# [TASK STATEMENT]
What you return must be the lines from the first one below through the one containing "Below a fisherman's house by Raoul Caprez", exactly and with pictures excluded.

# [THE INPUT]

===============

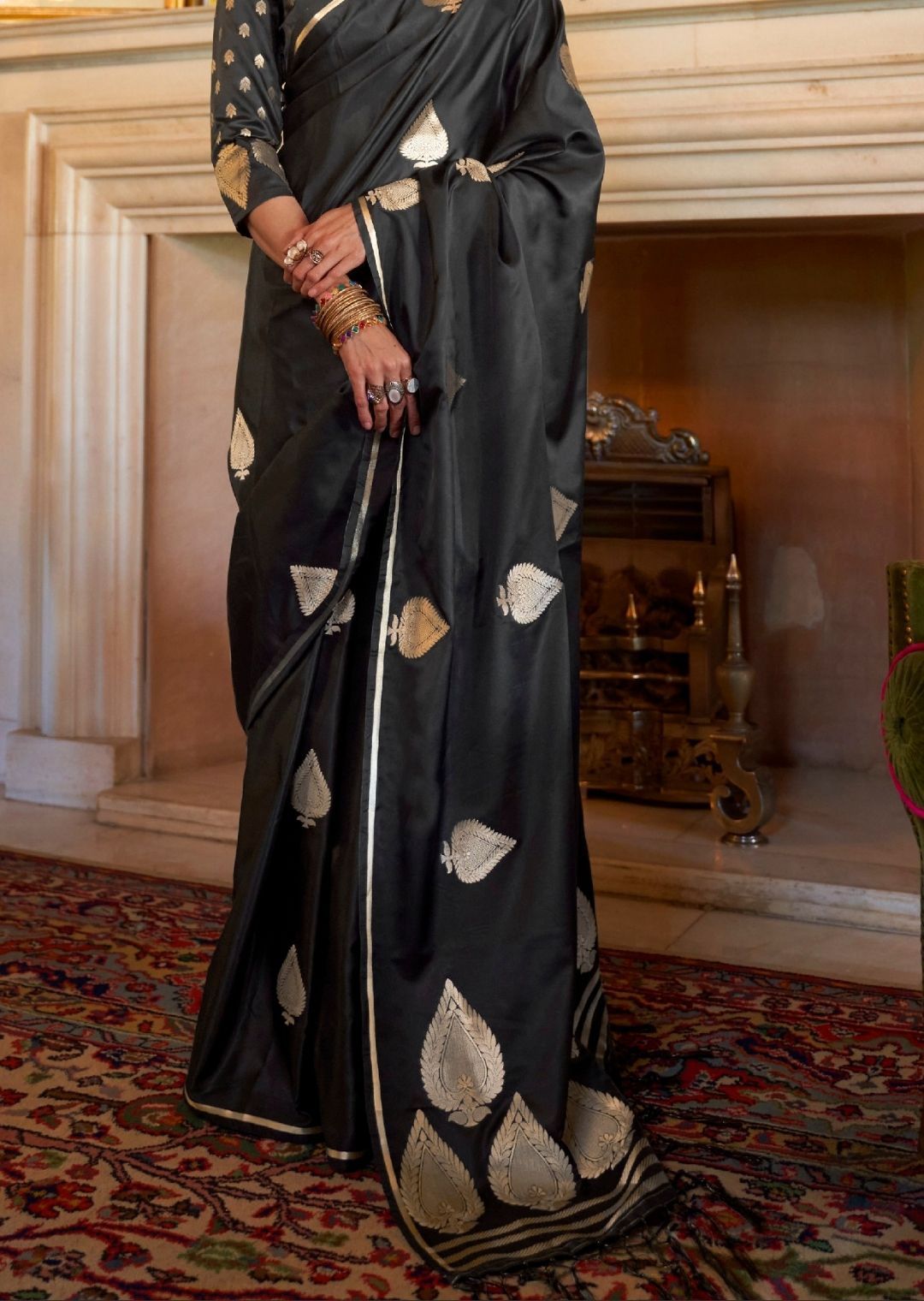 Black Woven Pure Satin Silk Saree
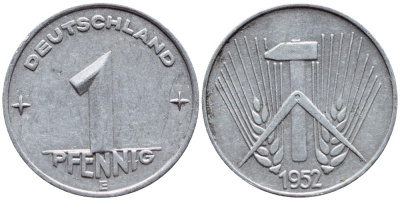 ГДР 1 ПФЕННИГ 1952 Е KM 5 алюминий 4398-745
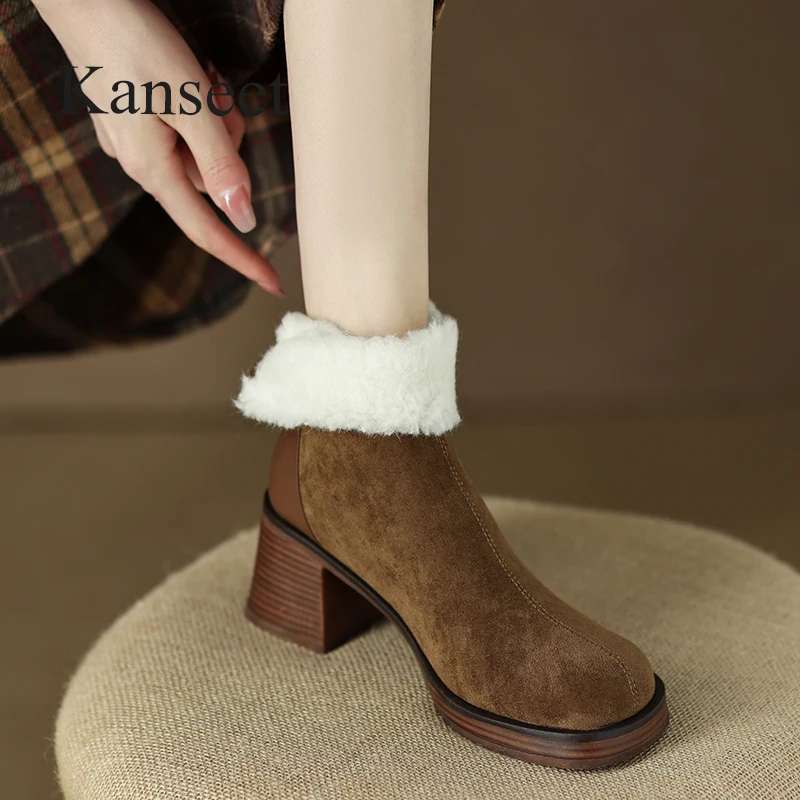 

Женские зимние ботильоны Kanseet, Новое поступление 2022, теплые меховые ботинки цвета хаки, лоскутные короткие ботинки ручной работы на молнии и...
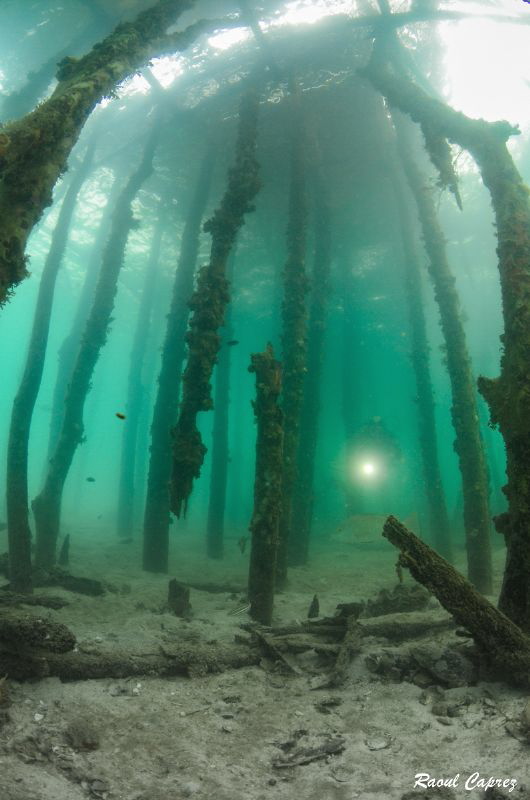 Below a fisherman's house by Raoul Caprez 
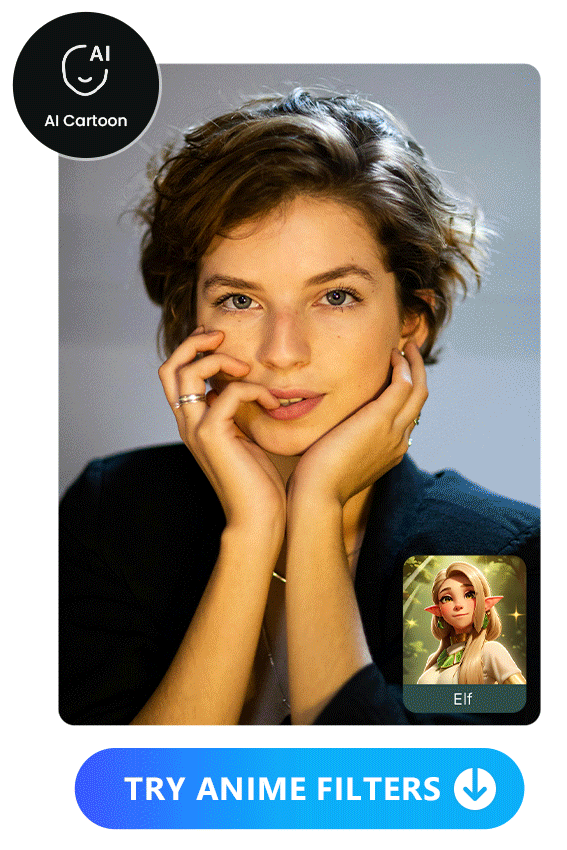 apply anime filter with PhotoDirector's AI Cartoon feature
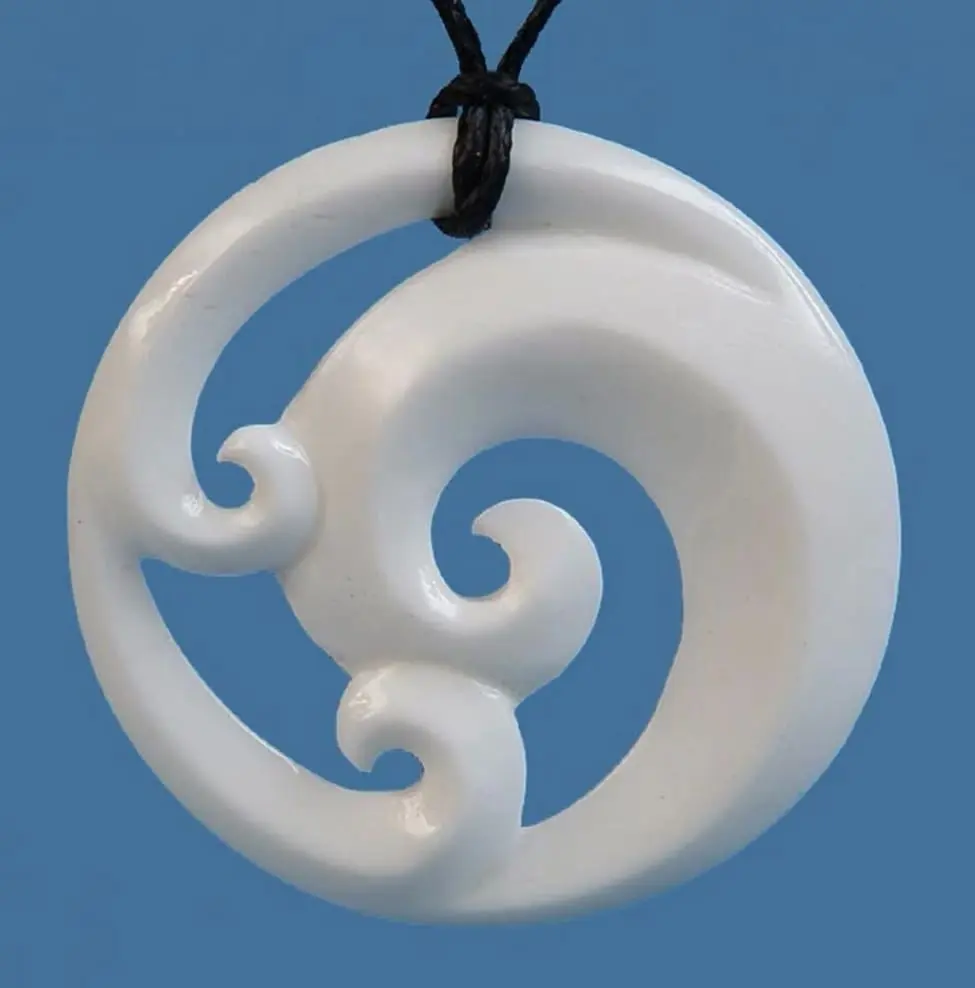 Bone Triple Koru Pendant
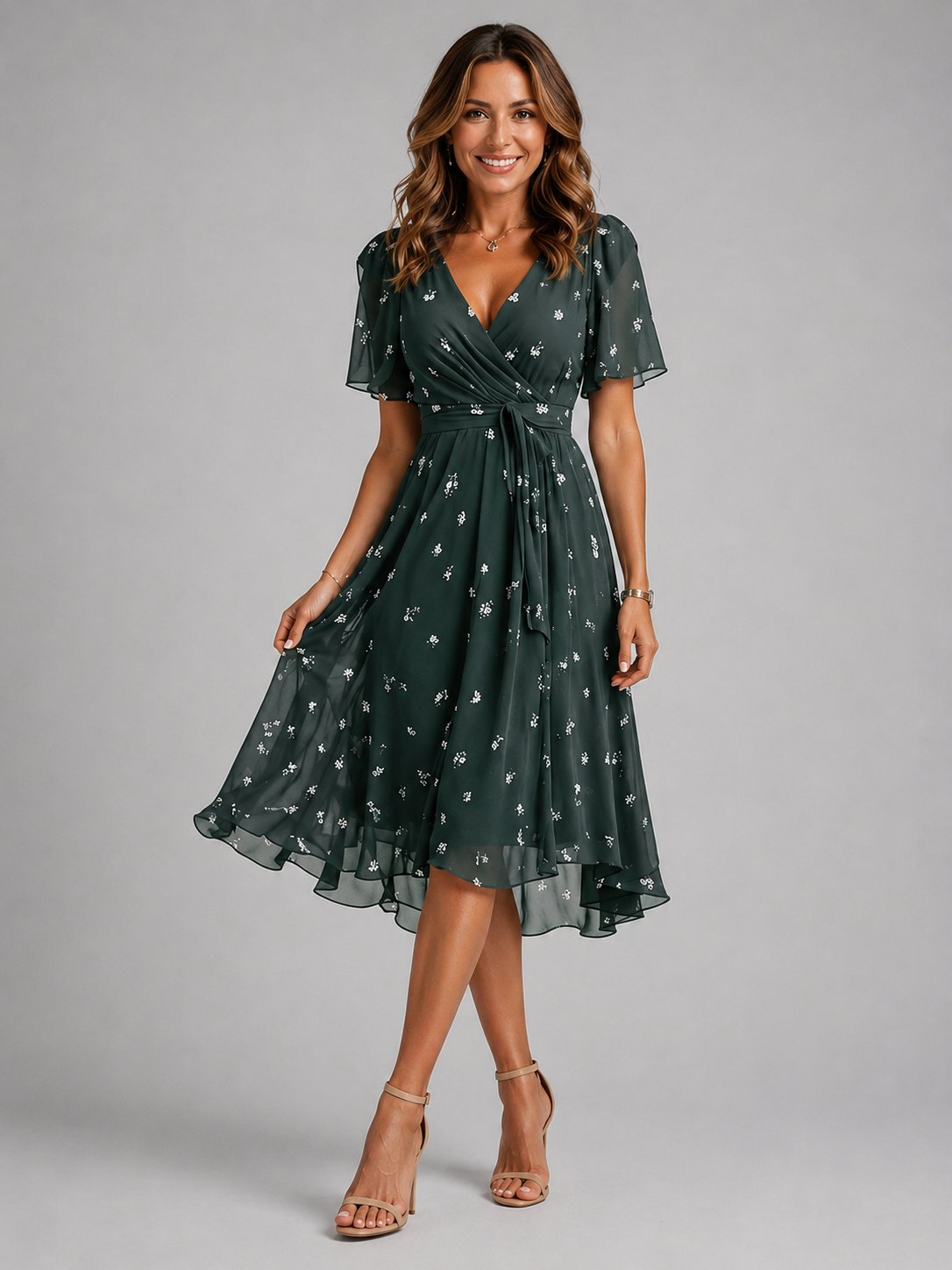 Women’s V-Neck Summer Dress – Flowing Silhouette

===============

# [WRITTEN RESPONSE]
 Black Woven Pure Satin Silk Saree
 ГДР 1 ПФЕННИГ 1952 Е KM 5 алюминий 4398-745

Женские зимние ботильоны Kanseet, Новое поступление 2022, теплые меховые ботинки цвета хаки, лоскутные короткие ботинки ручной работы на молнии и...
 Below a fisherman's house by Raoul Caprez 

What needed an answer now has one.